I saw this article in the Financial Times and I had to comment. There was a big rally in European Bank stocks in January. http://on.ft.com/xuvEpq
Why shouldn’t European Banks rally? They are getting practically free money in the form of low interest loans from the European Central Bank as part of an unlimited three year loan program announced in December known as Long-Term Refinancing Operations or LTRO’s. http://on.ft.com/wa0JrY
As I commented on in a recent post, even the Royal Bank of Scotland (remember the UK is not part of the Eurozone single currency) was able to take advantage of the new ECB funding mechanism through it’s subsidiary in The Netherlands. http://tgr.ph/z13OVR
You remember the basics of how banks make money. They take in deposits for which they pay the depositor a usually fixed interest rate.

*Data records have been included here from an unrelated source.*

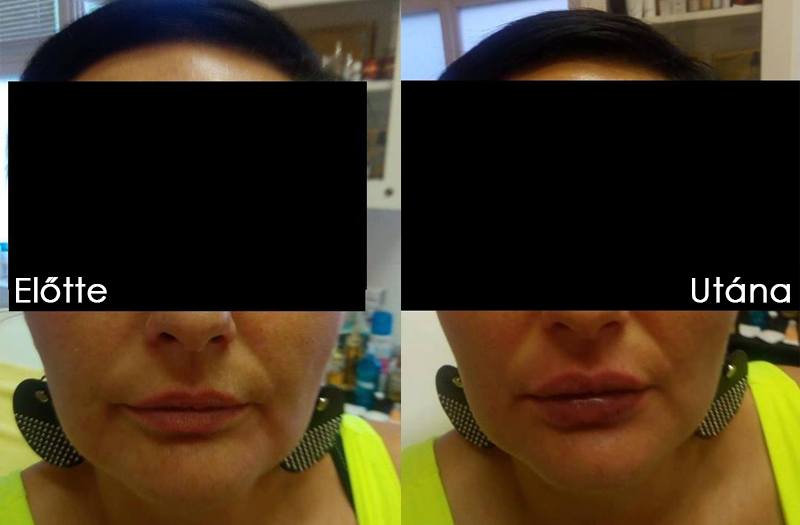hyaluronsavas ajakfeltöltés Debrecen belvárosában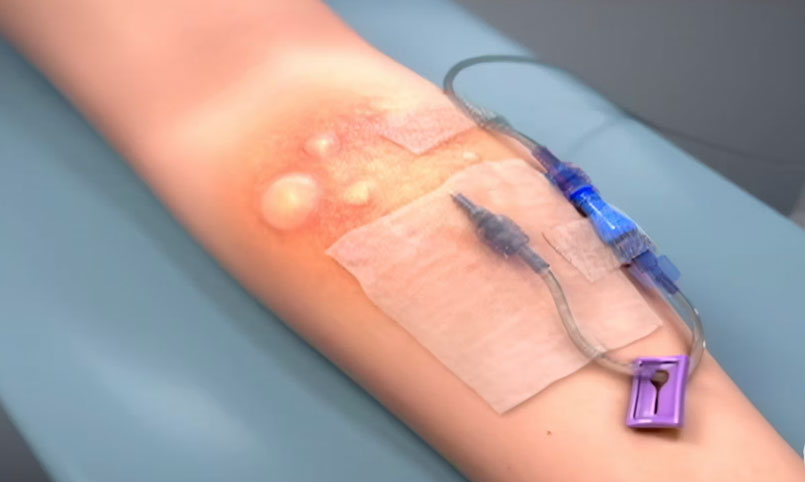 Types of IV Failure - IV Watch | Pharmaceutical Animation 2018 | Video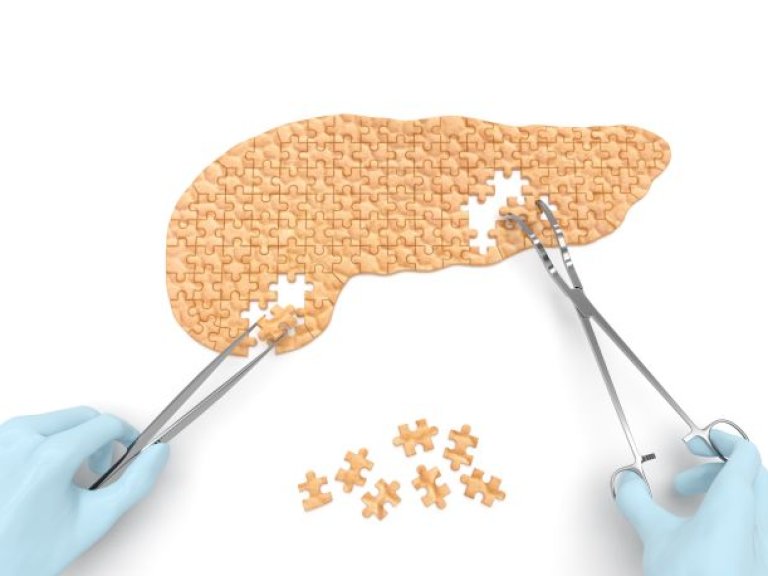   DIPLOMA trial: a clinical study to determine safety and effectiveness of minimally invasive versus open surgery in pancreatic cancer  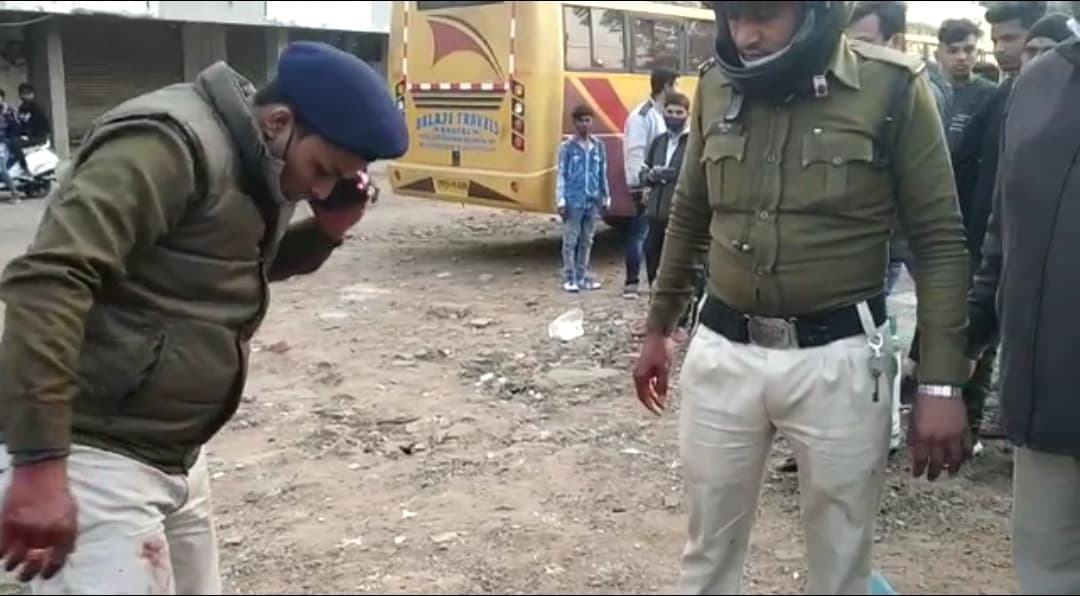 बदमाश की हथकड़ी थामे पुलिसकर्मी फुल्की खाने रूके, आरोपी ने ठेले से उठाकर अपनी गर्दन में मारा चाकू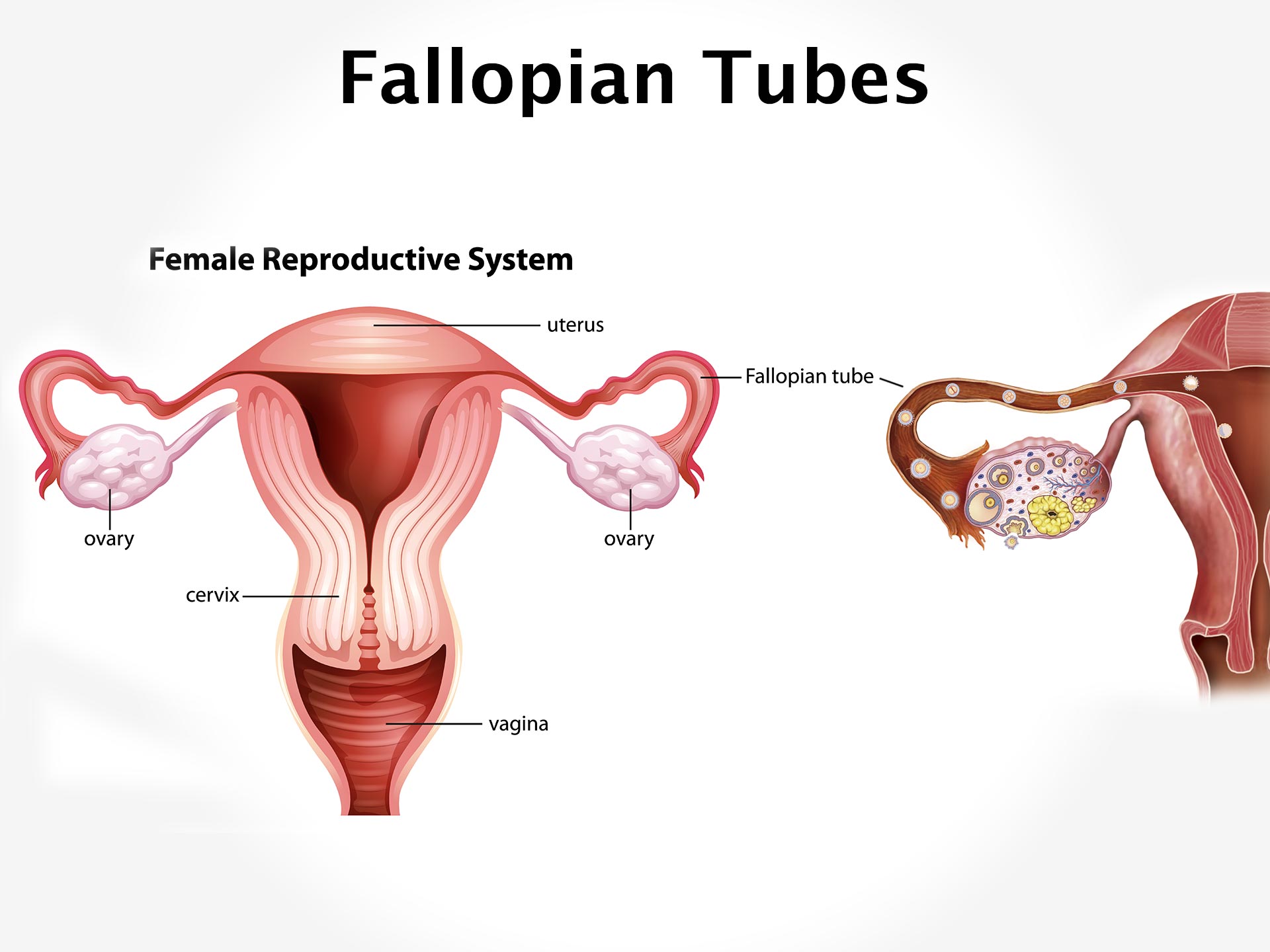 FALLOPIAN TUBES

These are considered liabilities by the bank. Then they take that money and loan it out to a borrower at a higher interest rate. These loans are considered assets by the bank. Pretty simple.
The question is: will they loan the money out? Some people think the banks will hoard the extra liquidity that these funds provide. Others think they might buy bonds of distressed countries to make a quick buck. In any case, these bank stocks look better in January than they did in December. Great, but let’s hope these funds fulfill their intended purpose and that is to stabilize the Eurozone.